- [ASSIGNMENT]
Could you restate the entries word for word, without the images?

··· DATA UNDER STUDY ···

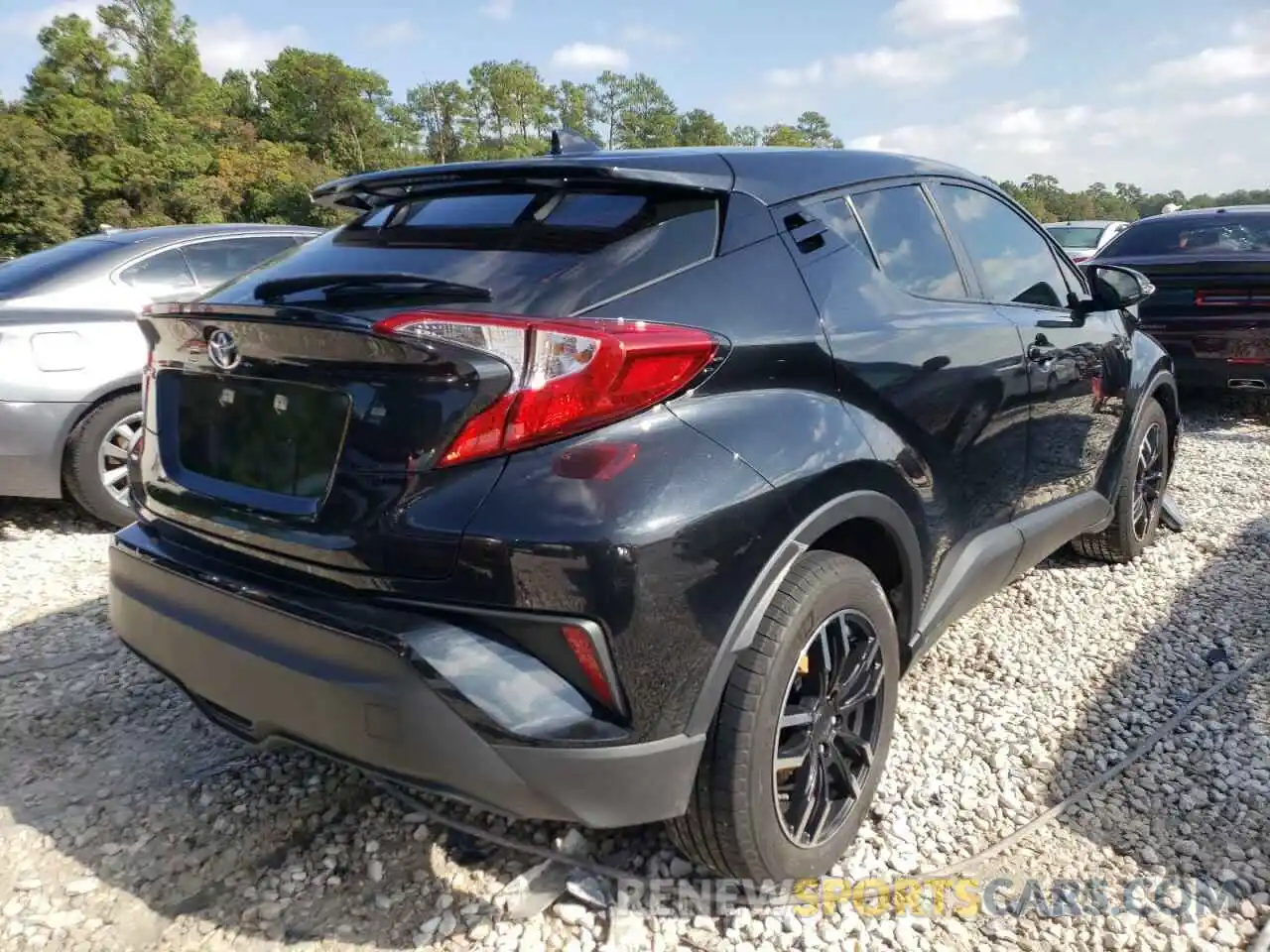 4 Photograph of a damaged car JTNKHMBX5K1031420 TOYOTA C-HR 2019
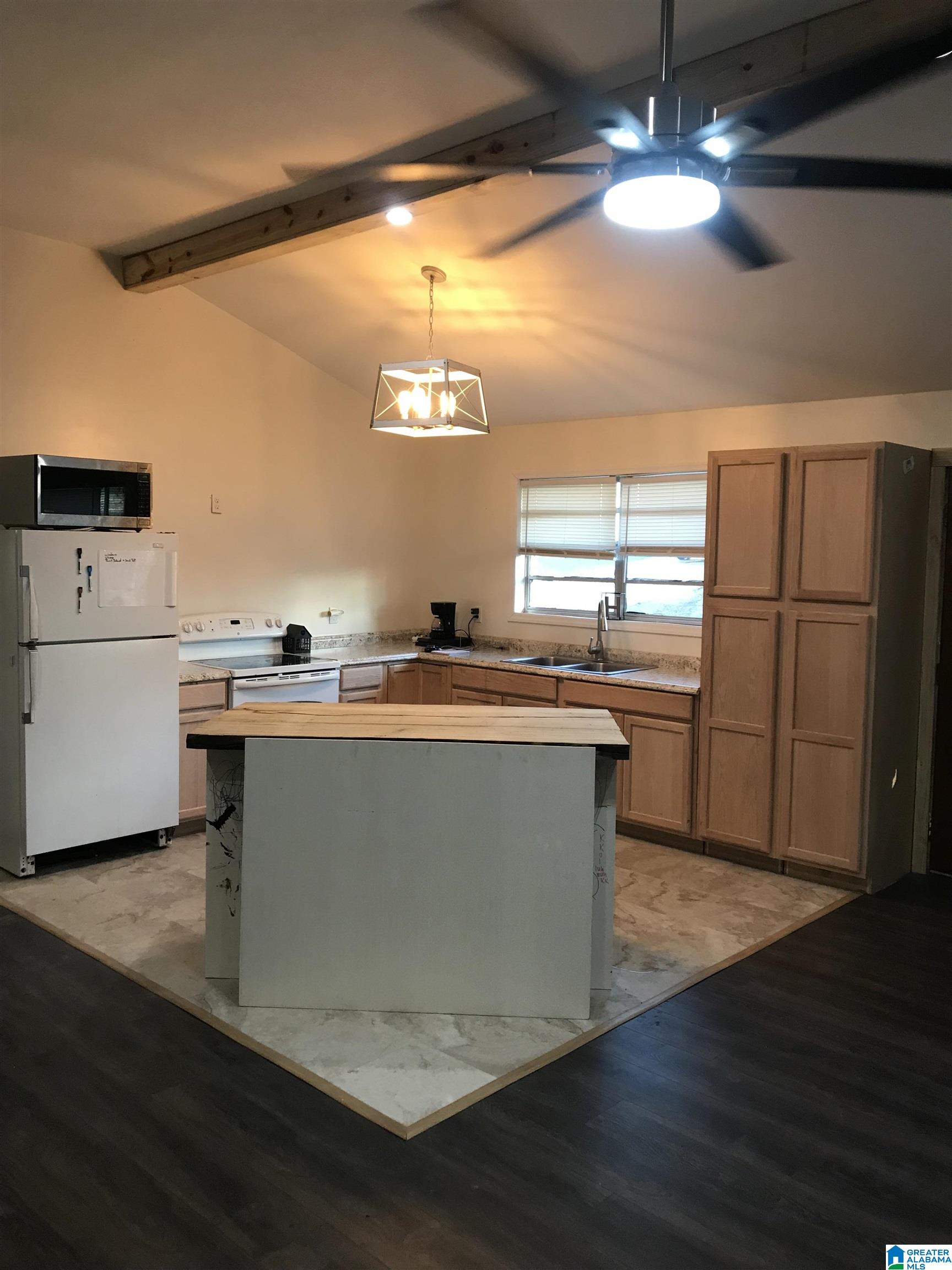 239 Mt Carmel Road Altoona, AL 35952 - Photo 12 of 39
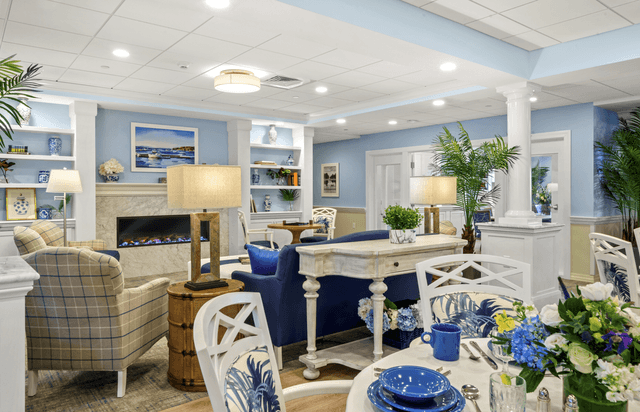 Duxbury House At The Village Memory Care Residence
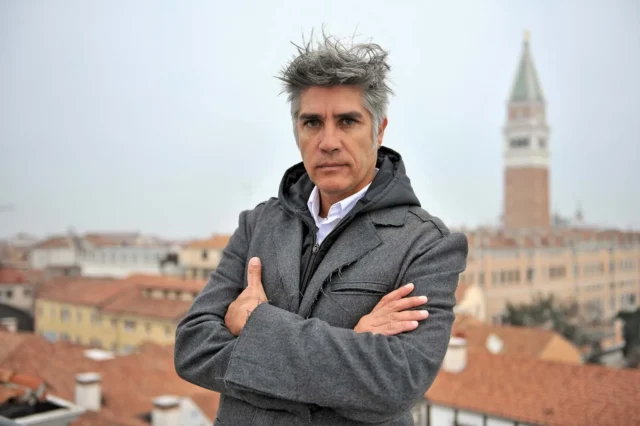 الخاندرو آراونا و انقلاب مسکن ارزان: درس هایی برای جهان - Alejandro Aravena Chilean الخاندرو آراونا و انقلاب مسکن ارزان: درس هایی برای جهان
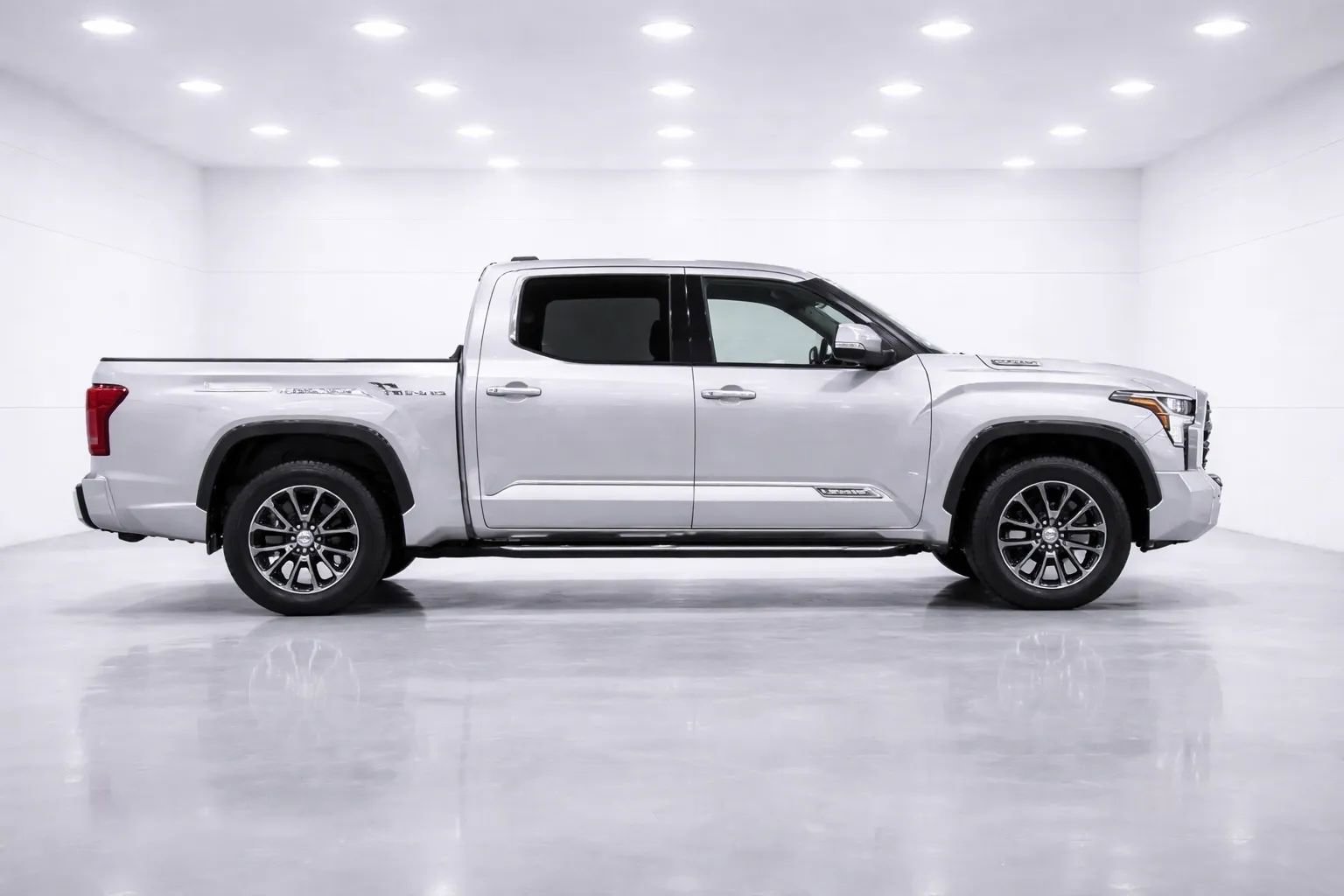 Used 2025 Toyota Tundra Platinum AWD/4WD image 6
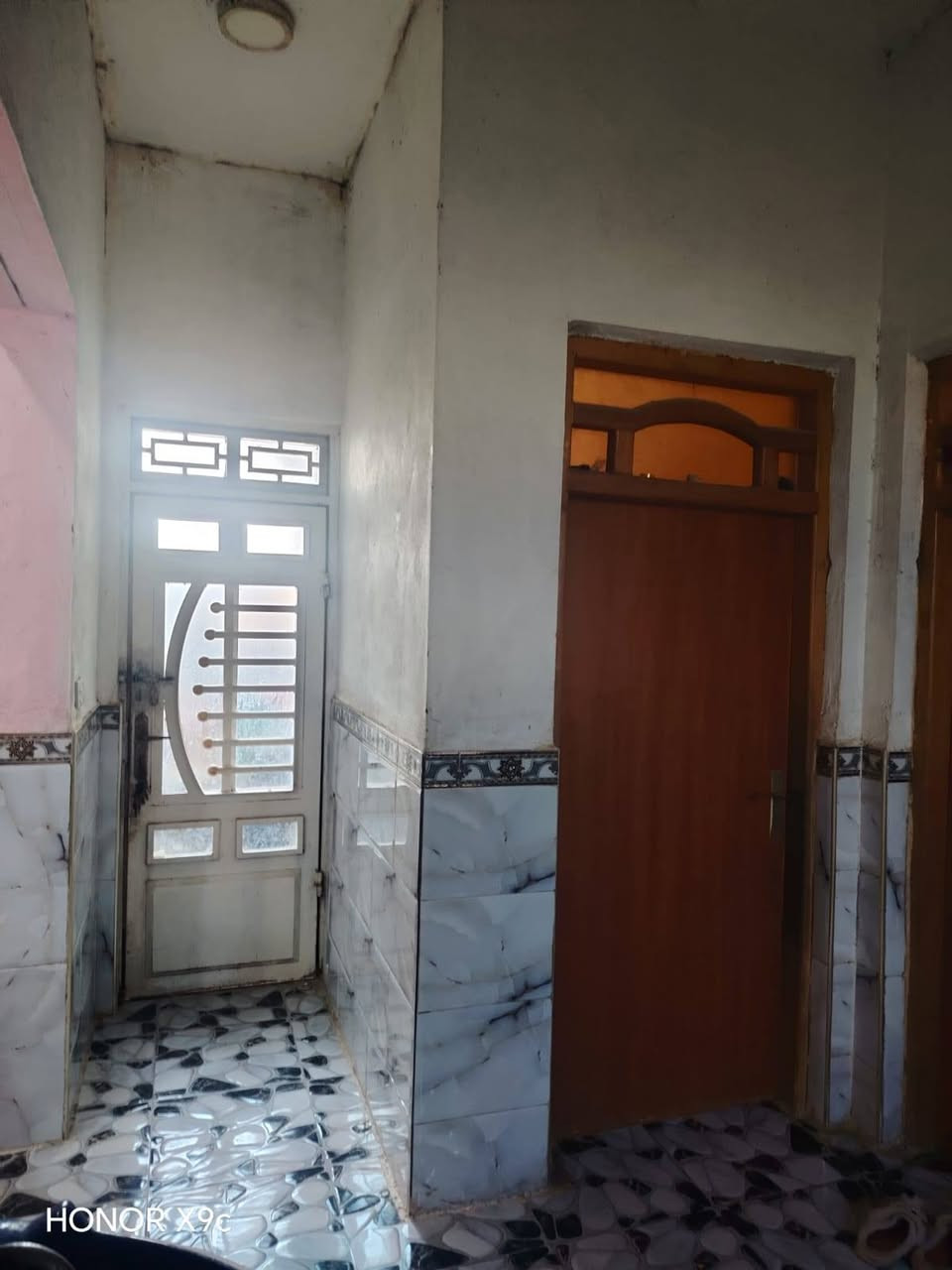 بيت للبيع الموقع حي الموضفين قريب ع السايدين الجديدة المساحة 200متر البيت يحتوي ع 4 غرف 2 جوة و2فوك صحيات فوك وجوة متوفرة خدمات كافة تبليط وكهرباء ومجاري للأستفسار ***********.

···

- [EXERCISE RESULT]
 4 Photograph of a damaged car JTNKHMBX5K1031420 TOYOTA C-HR 2019
 239 Mt Carmel Road Altoona, AL 35952 - Photo 12 of 39
 Duxbury House At The Village Memory Care Residence
 الخاندرو آراونا و انقلاب مسکن ارزان: درس هایی برای جهان - Alejandro Aravena Chilean الخاندرو آراونا و انقلاب مسکن ارزان: درس هایی برای جهان
 Used 2025 Toyota Tundra Platinum AWD/4WD image 6
 بيت للبيع الموقع حي الموضفين قريب ع السايدين الجديدة المساحة 200متر البيت يحتوي ع 4 غرف 2 جوة و2فوك صحيات فوك وجوة متوفرة خدمات كافة تبليط وكهرباء ومجاري للأستفسار ***********.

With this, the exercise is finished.